Answering the Age Old Question of Retirement Investing...

…to Roth or not to Roth?

As a gal in my mid-twenties, the topic of discussion comes up frequently at happy hour and book club. Television talk-show hosts (or as Jon likes to call them, Wall Street pundits), parents, grandparents and even friends encourage young investors to open a Roth IRA and “Trade! Invest! Save for your future!”. The usual blanket advice. But what’s the benefit of a Roth IRA anyways? And are Roth IRAs just a young man or woman’s game?

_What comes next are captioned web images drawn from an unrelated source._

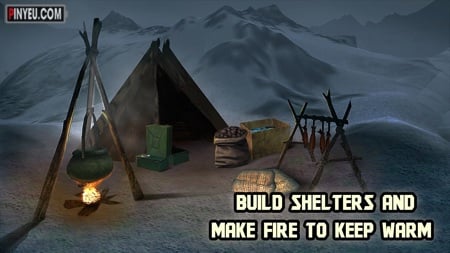 siberian survival 2 full mod money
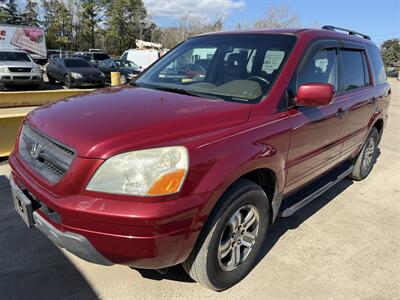 2005 Honda Pilot EX-L 4dr EX-L SUV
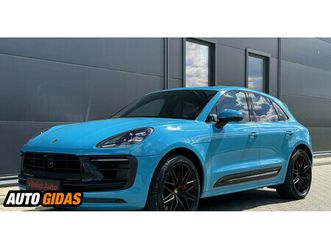 porsche macan 2022 m visureigis / krosoveris | skelbimas | 0137511992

Contributing towards retirement at a young age has many benefits, including more time for funds to appreciate, more opportunities to produce durable sources of income, and a longer investment time horizon to ride out any market fluctuations. These are most of the reasons why young people are encouraged to invest early, however these are benefits of general investing and not necessarily using a Roth or Traditional IRA.

Roth IRAs can be a great tool for individuals wanting to benefit from taxfree distributions in retirement. If you contribute to a Roth as a young person whose earning potential (key word - potential) is high, then paying
taxes at a lower rate now might be a good course of action. For someone in their 50s-60s whose income potential is fully realized (aka - their income is
high), investing in a Traditional IRA and paying the taxes in retirement at a lower taxable rate might be the way to go. As a person continues to contribute funds towards their Traditional IRA, Christmas will arrive early in the form of a tax cut up to a certain dollar amount.

We get the “Roth” question almost as much from retirees as we do from my book club friends. Roth conversions (converting traditional IRA funds into Roth IRA funds) can be a good strategy to those who want to pay the taxes up front and not worry about it when they take distributions, however most of that depends on personal preference over anything investment related.

At the end of the day, the importance lies in the act of saving and not necessarily in what type of investment vehicle you choose. Having retirement funds readily available when you need them, whether in a Traditional, Roth, Simple, Single K or all of the above, takes the cake.